→ **TASK TO COMPLETE**: Pictures are to be left out, and only the lines from the one containing "Silky Lyocell Leopard" through the last line of the data are to be returned exactly.

→ **ENTRIES PROVIDED**:
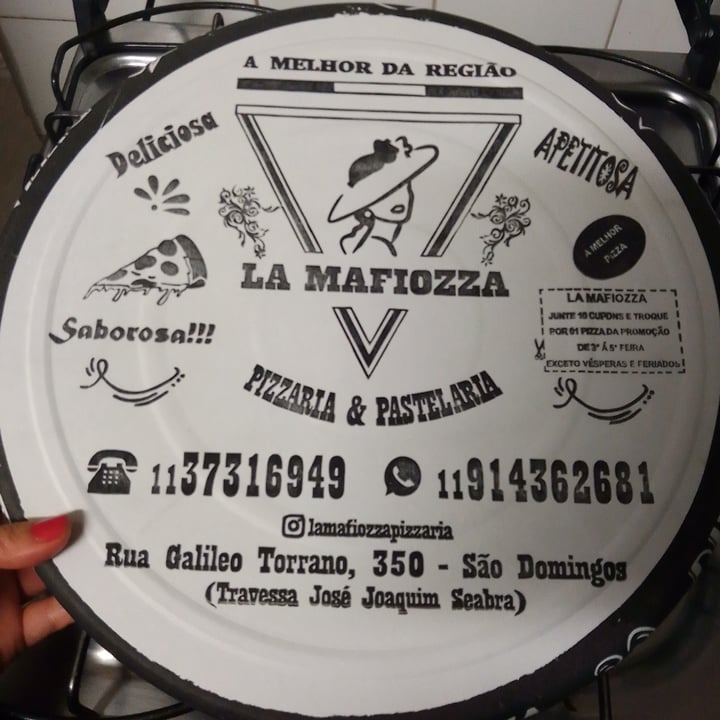 photo of Lá Mafiozza Pizzaria e Pastelaria Pizza Vegetariana shared by @cristinasayuri on  01 Jul 2022 - review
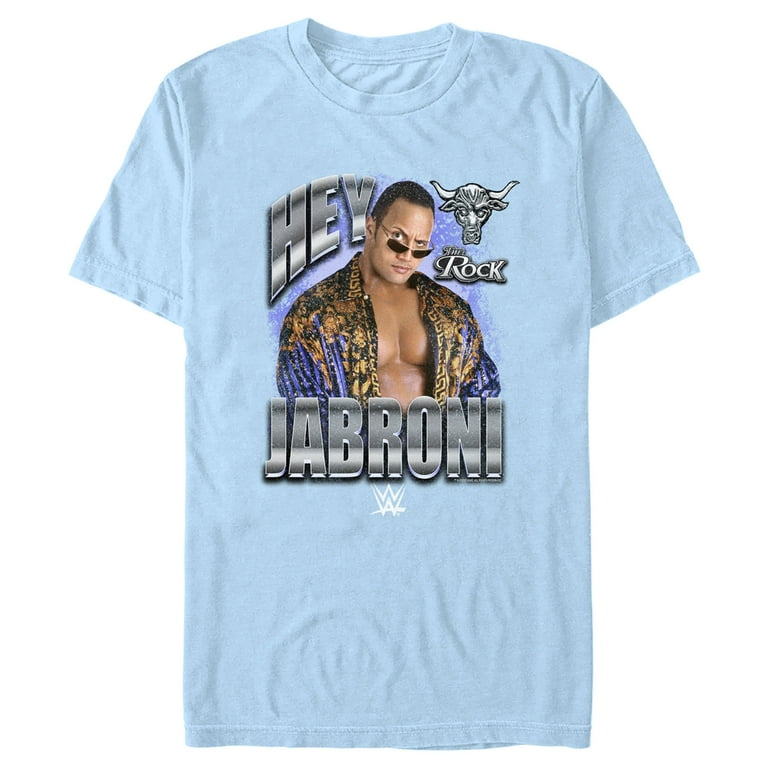 Men's WWE The Rock Hey Jabroni Graphic Tee Light Blue 2X Large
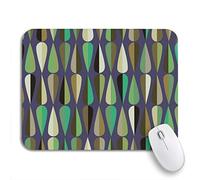 Tappetino Per Mouse Da Gioco Mid Century Modern Retro Drop Shapes In Various Color Tappetini Mouse Base Antiscivolo In Gomma Facile Da Pulire Tappetino Mouse, Per Ufficio, Casa, 25 x 30cm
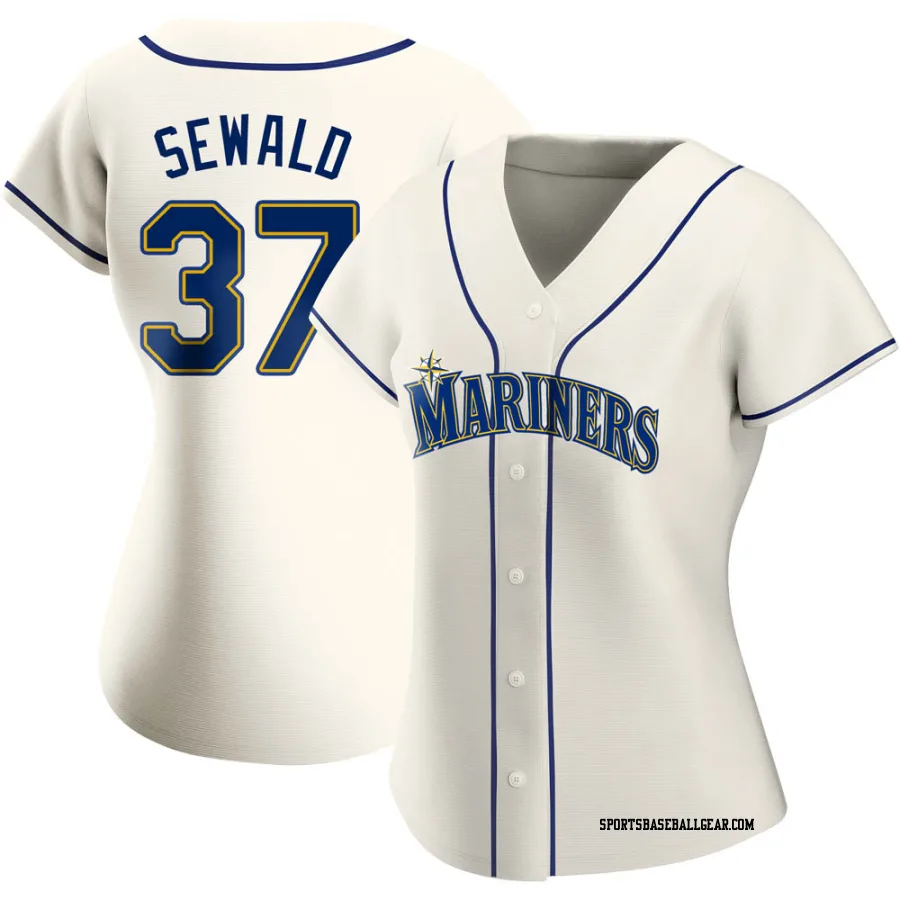 Paul Sewald Women's Seattle Mariners Cream Authentic Alternate Jersey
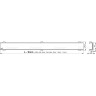 Водоотводящий желоб ALCAPLAST APZ1106-950 PROFESSIONAL с порогами для цельной решетки, низкий, вертикальный слив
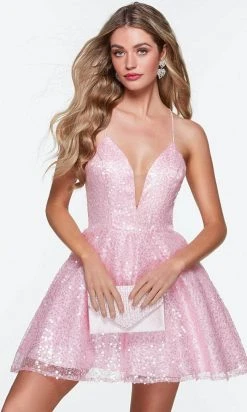 Alyce Paris 3104 - Sequined Cocktail Dress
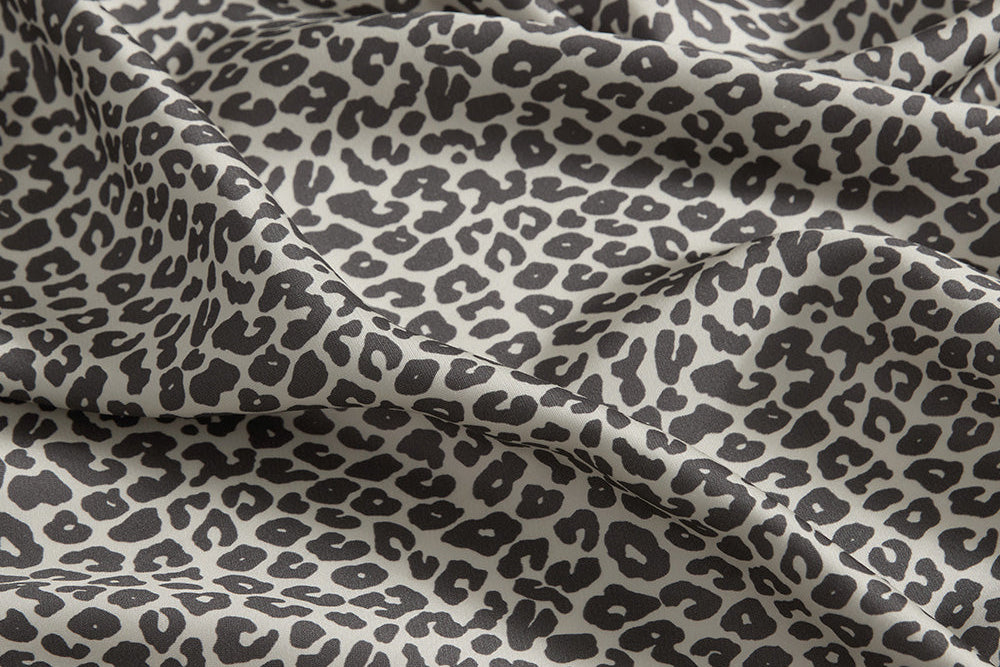 Silky Lyocell Leopard Print Top Sheet | Last Chance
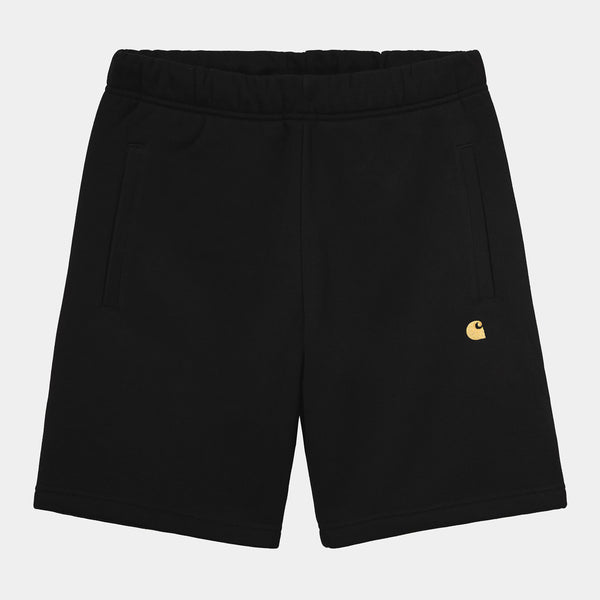Carhartt WIP Chase Sweat Short Black/Gold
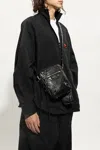 Balenciaga Le Cagole Embellished Textured-leather Messenger Bag In Black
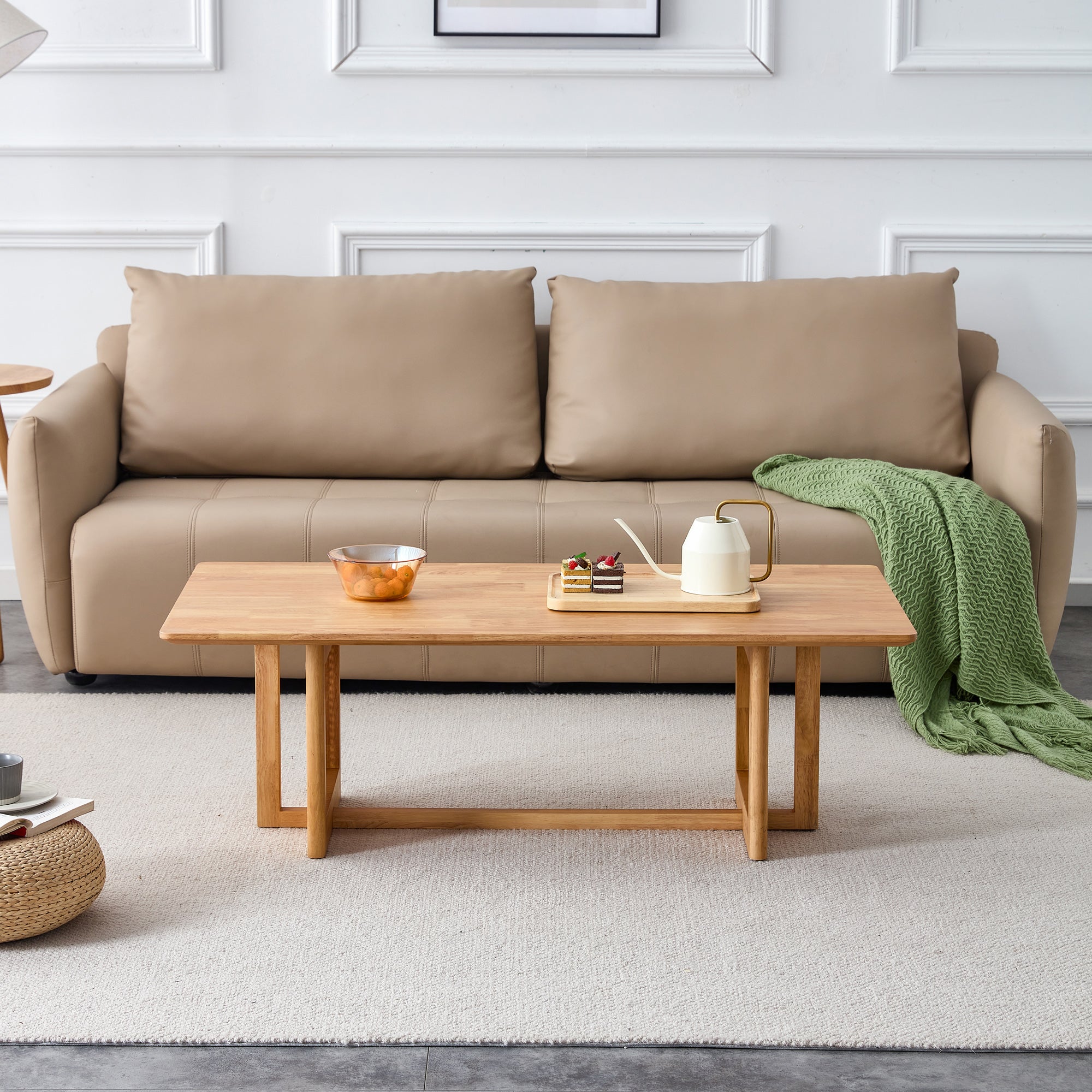 Rattan Solid Wood Coffee Table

→ **RESULT BELOW**:
 Silky Lyocell Leopard Print Top Sheet | Last Chance
Carhartt WIP Chase Sweat Short Black/Gold
 Balenciaga Le Cagole Embellished Textured-leather Messenger Bag In Black
 Rattan Solid Wood Coffee Table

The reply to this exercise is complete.